We responded in kind. One day, in 1966, he came to us and said, "Gentlemen, the rains have washed away the lines on the roads, we need twenty kilos of lime today. Can you help?" Although we were working very little at the time, he had approached us as human beings, and we agreed to assist him.

That spring, we had felt a certain thawing on the part of the authorities, a relaxation of the iron-fisted discipline that had prevailed on the island. The tension between prisoners and warders had lessened somewhat.

But this lull proved to be short-lived and came to an abrupt end one morning in September. We had just put down our picks and shovels on the quarry face and were walking to the shed for lunch. As one of the general prisoners wheeled a drum of food toward us, he whispered, "Verwoerd is dead." That was all. The news quickly passed among us. We looked at each other in disbelief and glanced over at the warders, who seemed unaware that anything momentous had occurred.

We did not know how the prime minister had died. Later, we heard about the obscure white parliamentary messenger who stabbed Verwoerd to death, and we wondered at his motives. Although Verwoerd thought Africans were beneath animals, his death did not yield us any pleasure. Political assassination is not something I or the ANC has ever supported. It is a primitive way of contending with an opponent.

Verwoerd had proved to be both the chief theorist and master builder of grand apartheid. He had championed the creation of the bantustans and Bantu Education. Shortly before his death he had led the Nationalists in the general election of 1966, in which the party of apartheid had increased its majority, winning 126 seats to the 39 achieved by the United Party, and the single seat won by the Progressive Party.

As often happened on the island, we had learned significant political news before our own guards. But by the following day, it was obvious the warders knew, for they took out their anger on us. The tension that had taken months to abate was suddenly at full force. The authorities began a crackdown against political prisoners as though we had held the knife that stabbed Verwoerd.

The authorities always imagined that we were secretly linked with all kinds of powerful forces on the outside. The spate of successful guerrilla attacks against the South African police forces in Namibia by the South-West African People's Organization (SWAPO) -- an ally of the ANC-- had also unnerved them. I suppose we should have been flattered that the government thought our nascent military ability was sophisticated enough to successfully eliminate their head of state. But their suspicions merely reflected the insecurities of narrow, shortsighted men who blamed their problems not on their own misguided policies but on a shadowy opponent by the name of the ANC.

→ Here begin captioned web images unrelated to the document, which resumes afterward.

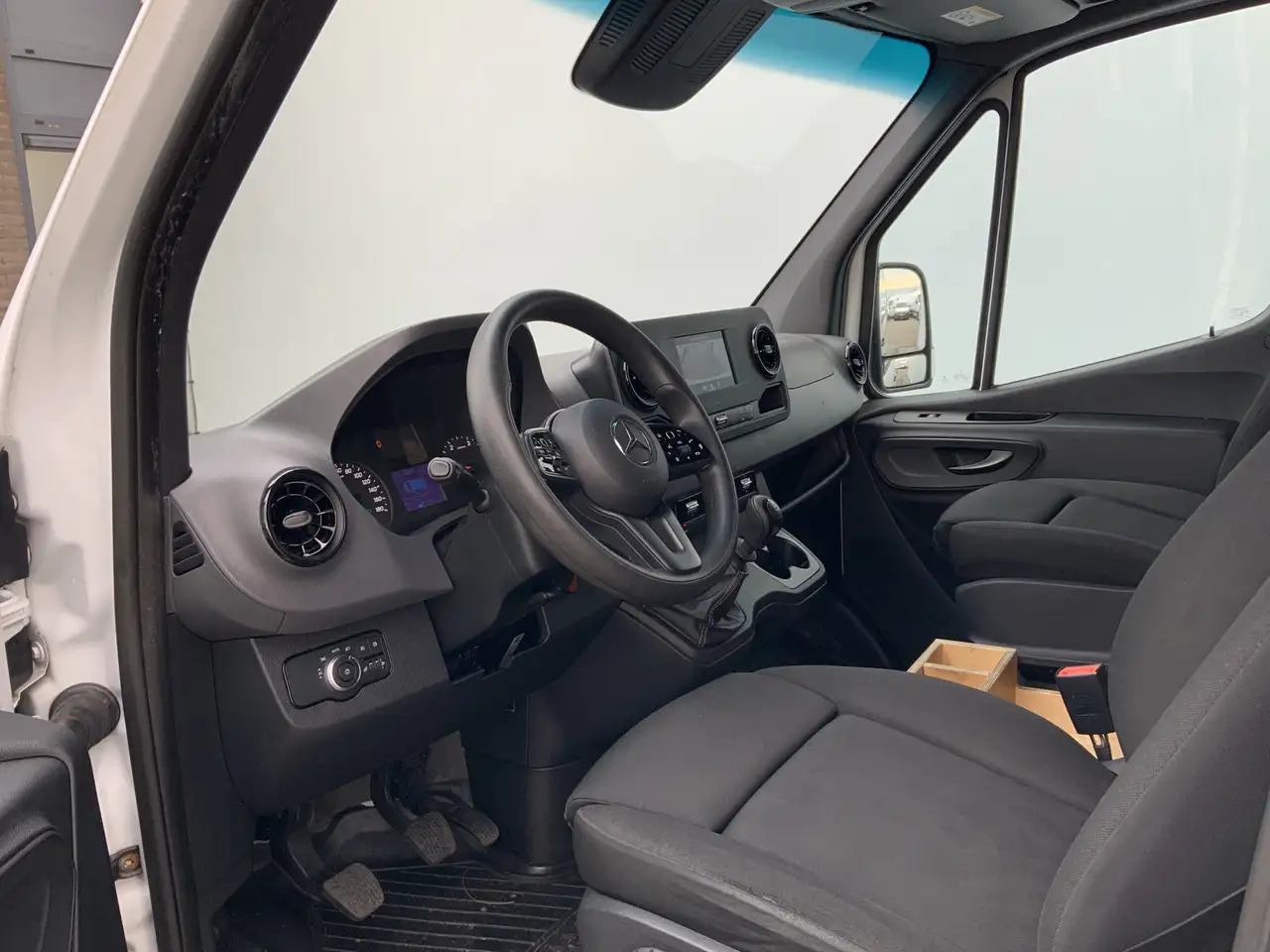 Mercedes-Benz Sprinter 316 2.2 CDI L2H2 Airco Cruise Camera Navi Trekhaak - Dubă: Foto 4 Mercedes-Benz Sprinter 316 2.2 CDI L2H2 Airco Cruise Camera Navi Trekhaak - Dubă: Foto 4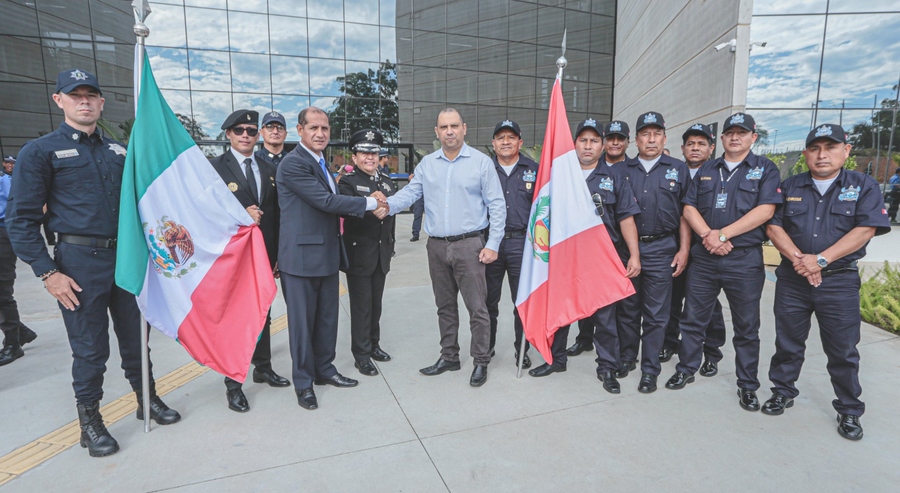 Polícias do México e do Peru participam de treinamento em Santana de Parnaíba 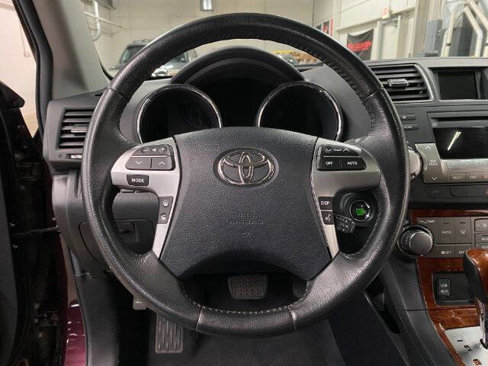 Used 2012 Toyota Highlander Limited image 24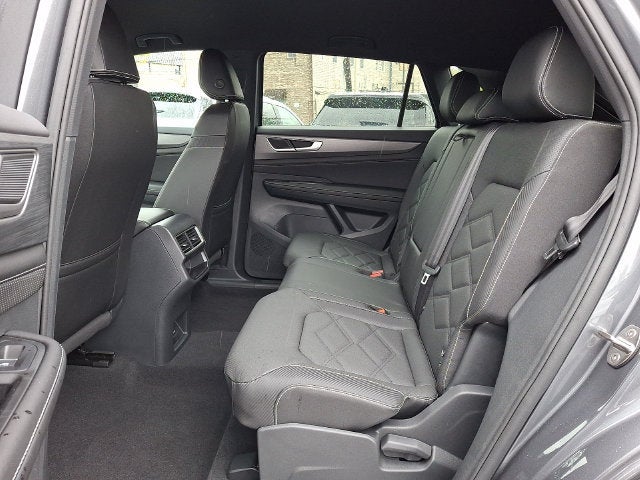 2025 Volkswagen Atlas Cross Sport 2.0T SE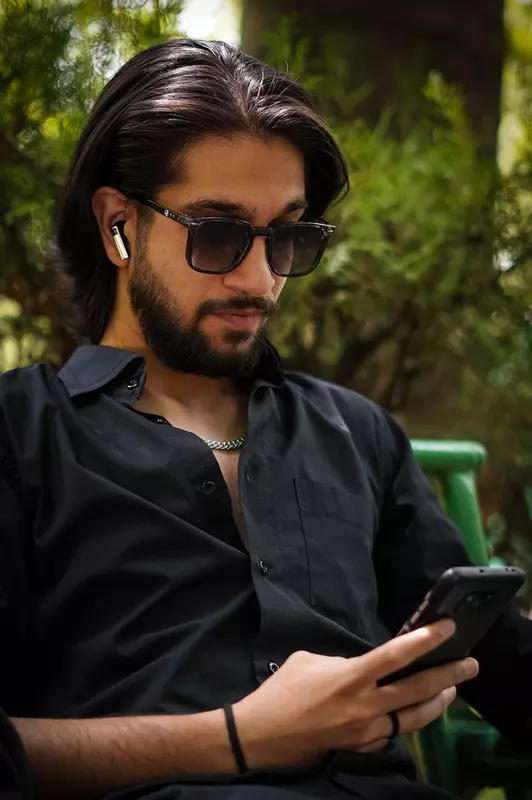 نمونه کار عکاسی چهره - پروفایل توسط قریشی که در تاریخ 1404-02-20 ** شنبه  **  ساعت 02:09PM بارگذاری شده است.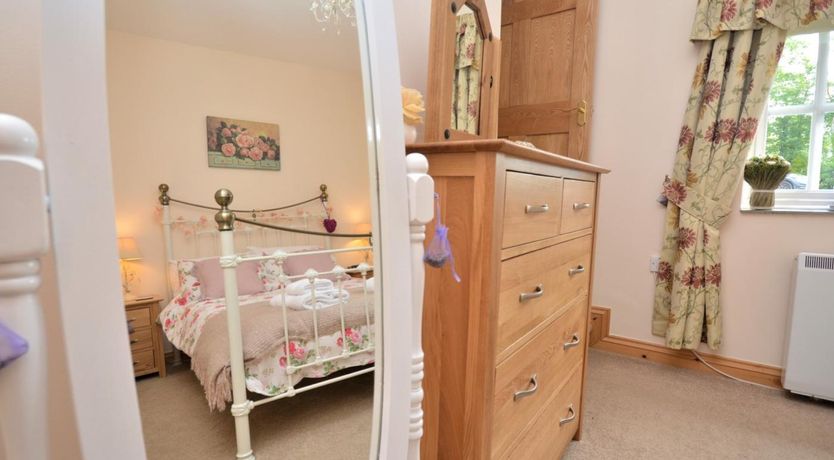 Photo of 1 Bed in Holsworthy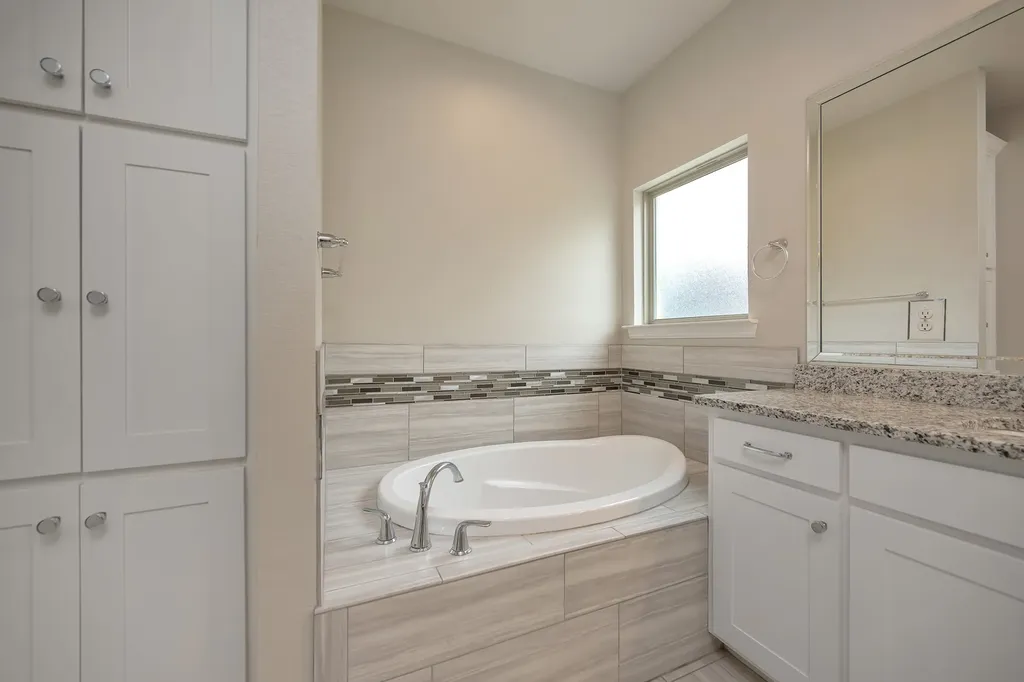 124 Elm Lane Roanoke TX 76262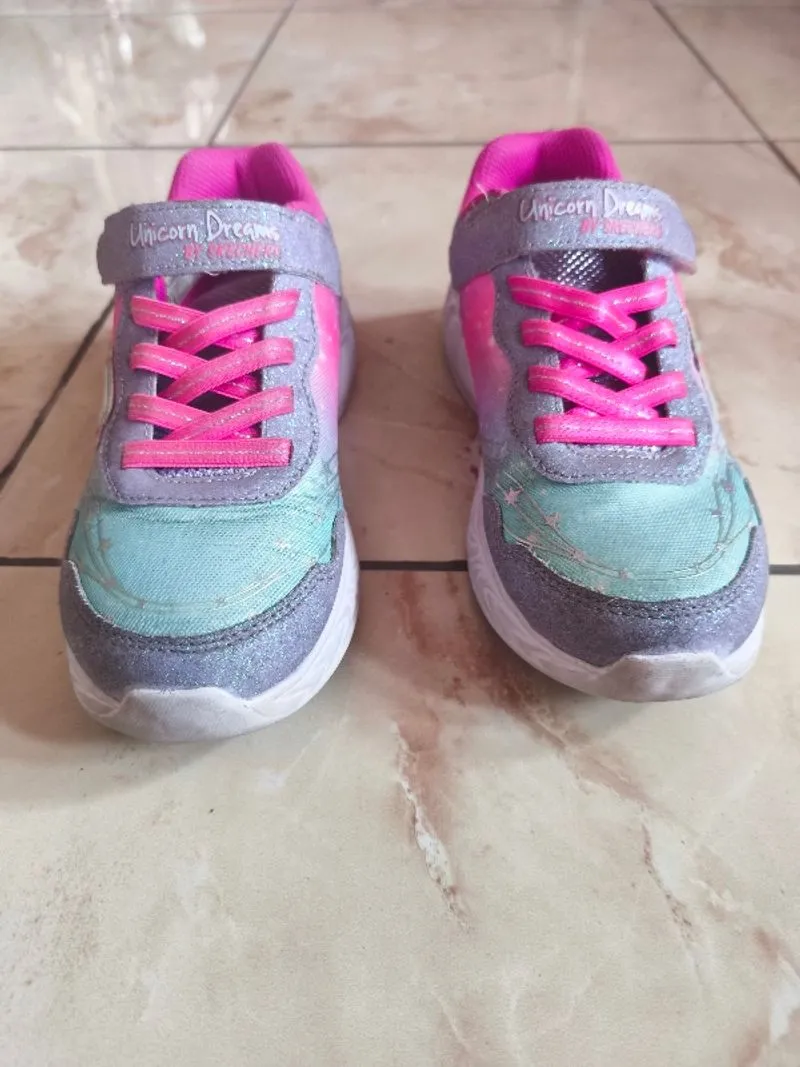 Skechers lampu nyala size 33 photo 1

The punishment against us was never enunciated as an official policy, but it was a renewal of the harsh atmosphere that prevailed upon our arrival on the island. The Quiet One was replaced with a man who was a vicious martinet. His name was Van Rensburg and he had been flown to the island on twenty-four hours' notice after the assassination. His reputation preceded him, for his name was a byword among prisoners for brutality.

Van Rensburg was a big, clumsy, brutish fellow who did not speak but shouted. During his first day on the job we noticed he had a small swastika tattooed on his wrist. But he did not need this offensive symbol to prove his cruelty. His job was to make our lives as wretched as possible, and he pursued that goal with great enthusiasm.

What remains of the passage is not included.